There is little doubt that Zimbabwean-like land grabs will occur on our doorstep if current economic policy continues. The policy alternative we spell out below could pop the fuse to the frustration that led to Zimbabwean land grabs and the simmering tensions in Fiji.
With the Pacific Islands rapidly privatising from kastomeray land title in the last decade or so, the growing pains of adjusting to the outright ownership of natural resources is continually rearing it’s head. We have written about Vanuatu before and hold great fears for countries such as Papau New Guinea, West Papau and small island nations like Maluku. Why? Because there is something intrinsically wrong with the current notion of ‘private property rights’.
Read this story on death and destruction in PNG over a gold producing piece of land in Morobe Province near the controversial Hidden Valley goldmine:
The newspaper, The National, reports that fighting erupted when a land dispute over ownership of the McAdam National Park between Wau and Bulolo came to a head as Watut tribesmen gathered in Wau in their hundreds and staged an early morning attack on the villages of Biangai tribe.
The violence left three people dead, several injured, houses and property destroyed, and forced the temporary shutdown of the Hidden Valley gold mine and the evacuation of employees.
A Watut man was allegedly killed recently by Biangais over a gold-bearing piece of land on the national park, which is said to have sparked the tension.
How can one man be said to ‘own’ a piece of land, especially one that has gold underneath it? Did he create this gold? Did he do anything to produce it? No. Now how does this sit with indigenous culture that sees the creator spirit as having gifted the gold to all living beings past, present and future? If the creator gave gold and all other natural resources as a gift, why should white man come along with a black and white ruling to determine that private property is a god given right?

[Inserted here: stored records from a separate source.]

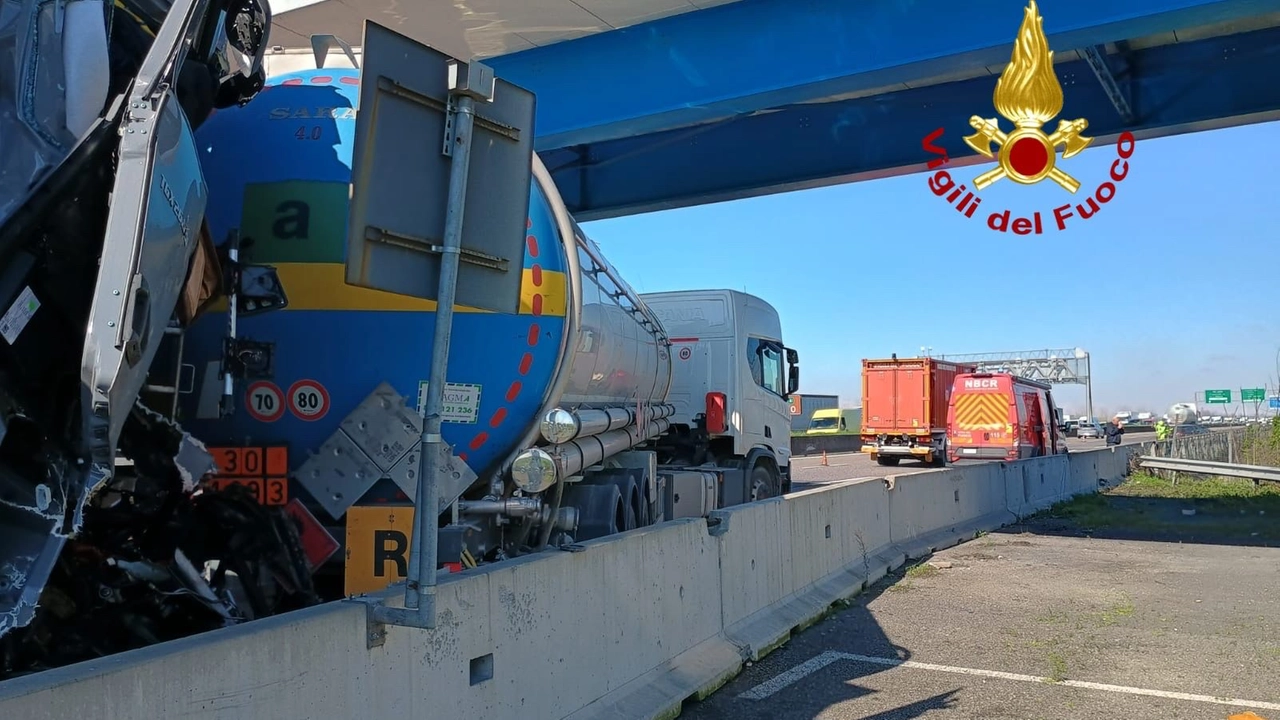 Incidente sull’A1 all'altezza di San Giuliano Milanese al km 6,100 in direzione Milano.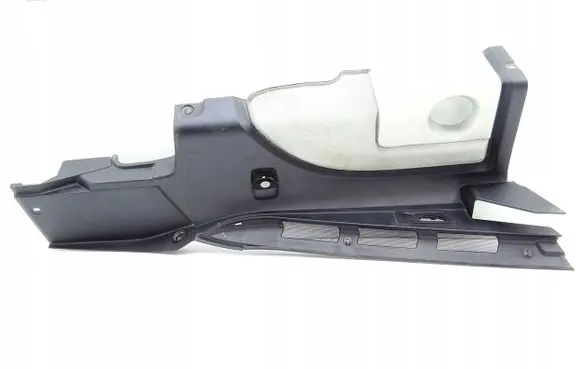 Audi R8 42 Engine cover (trim)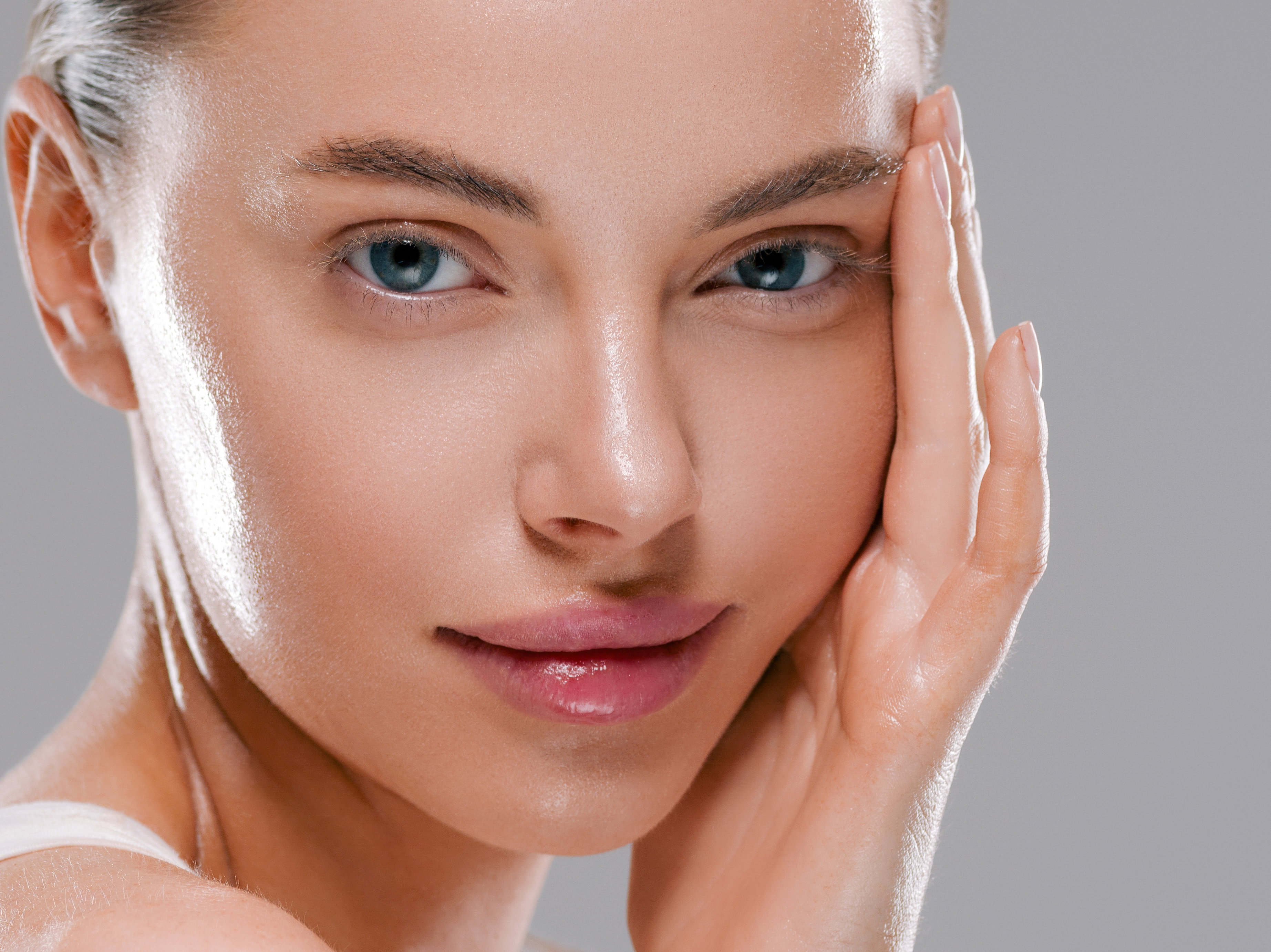 Beautiful woman face with healthy clean slon spa concept cosmetic skin care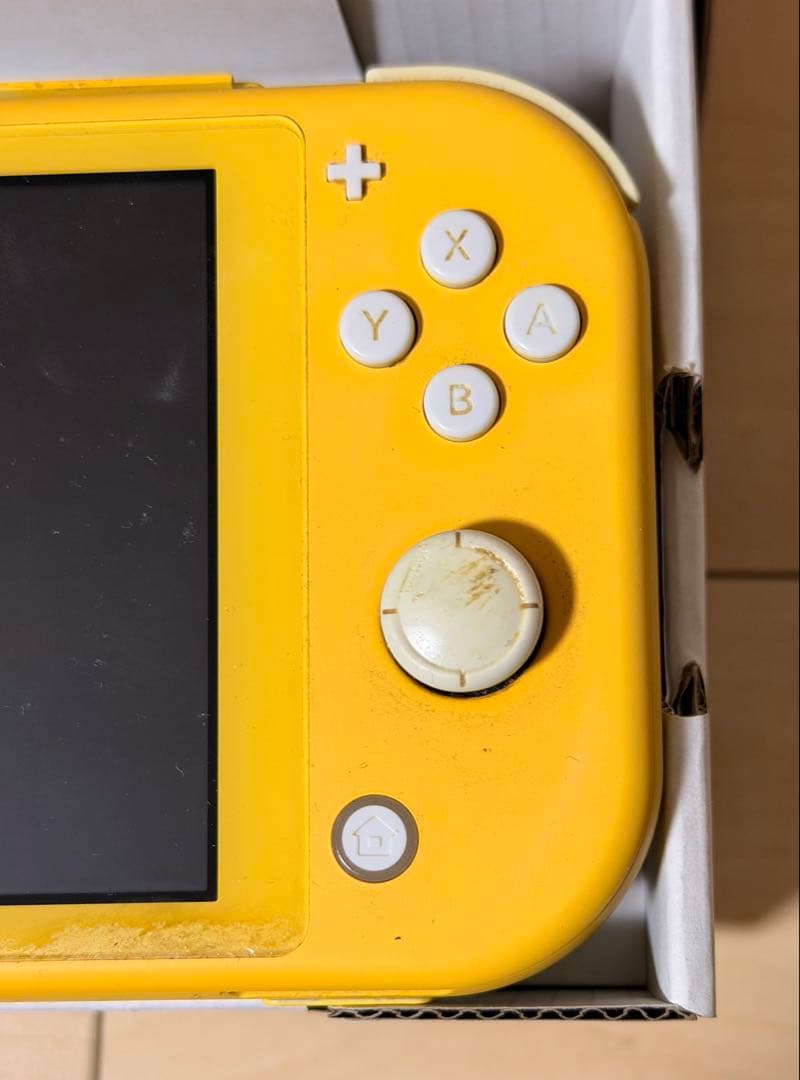 ジャンク　Nintendo Switch Lite イエロー 本体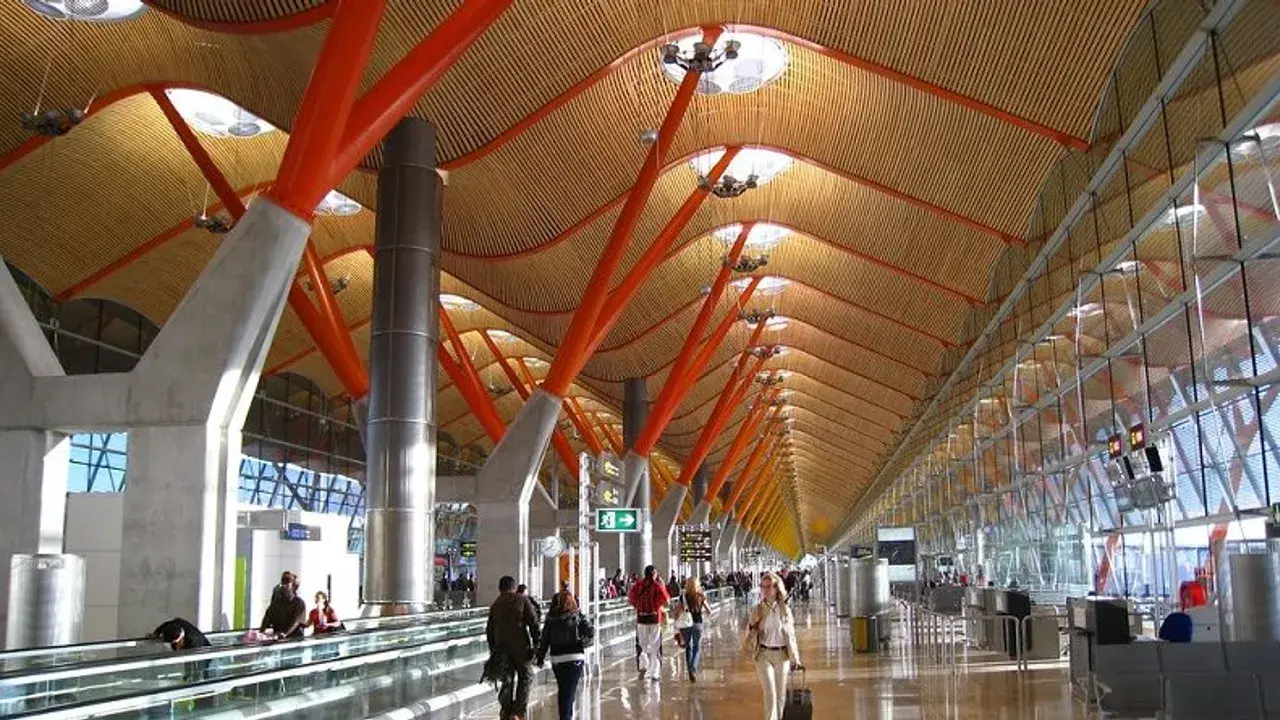 What Spaniards must do abroad to return to Spain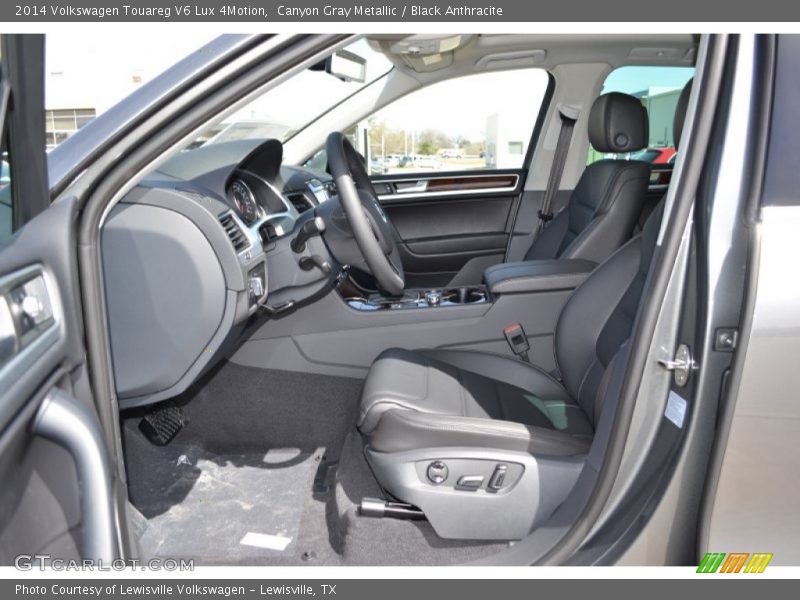 Canyon Gray Metallic / Black Anthracite 2014 Volkswagen Touareg V6 Lux 4Motion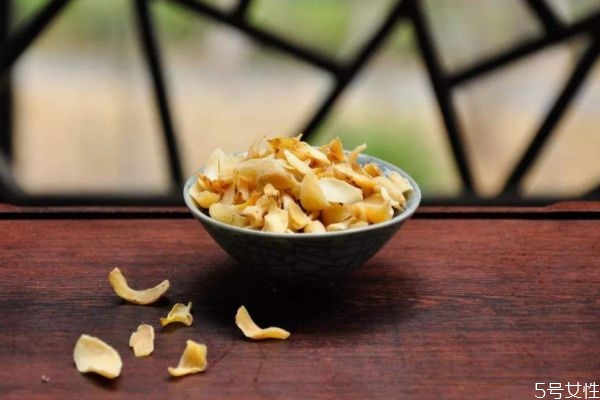 百合苦的好還是甜的好 百合可以怎么吃 百合苦的好還是甜的好 百合可以怎么吃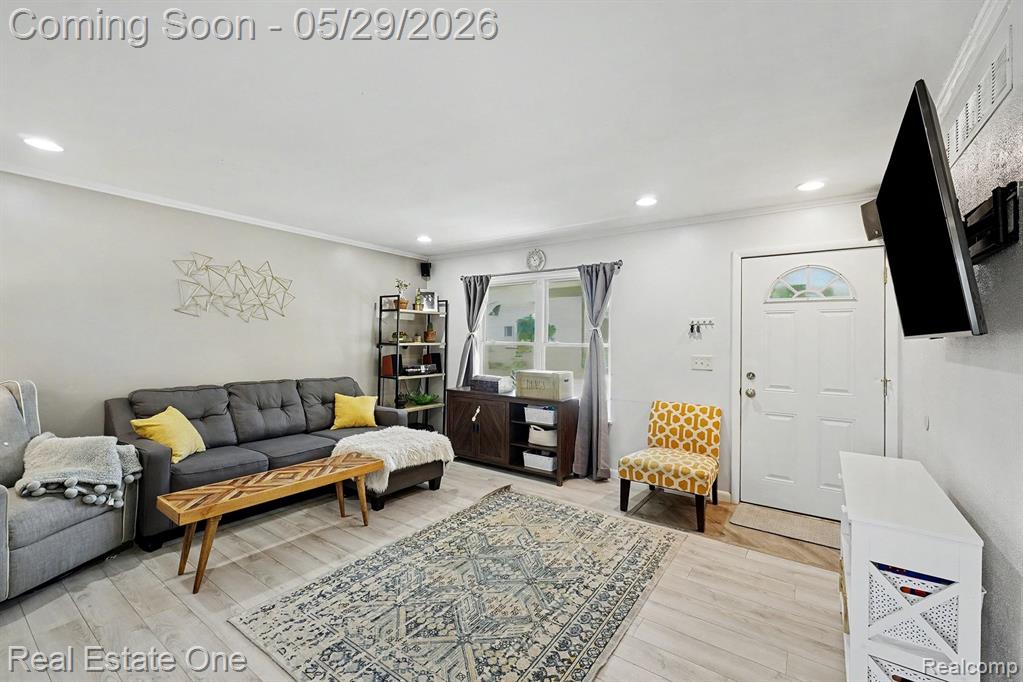 410 North Street, Holly, MI 48442 — Photo 5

Is private property a god given right?
White man’s understanding of private property once knew of the need for a distinction. Unfortunately it’s been largely forgotten. The Lockean principle that founded private property rights stated that we all deserve to keep the fruits of our labour. The fruits of the earth, however, were to be shared amongst all and weren’t to be sold (Leveticus 25:23).
How do we process this distinction in the modern era?
As natural resources gain in value due to scarcity rather than hard work, the upkick in value should be shared amongst the community. This is where a Resource Rentals system comes into play. Natural resources such as gold come from land. Effective yearly land valuations would reflect the changing value of gold. The Site Rental on the land would be paid to a transparent government, where such monies would go towards the running of the country. In this way all tribes get some share of the money, as does the private company mining the gold. Sovereignty is maintained. Reward for effort is encouraged. Everyone benefits.
The resource curse is a fallacy pushed by the academic elite in support of the silent theft of millions by vested interests involved in ‘the land game’.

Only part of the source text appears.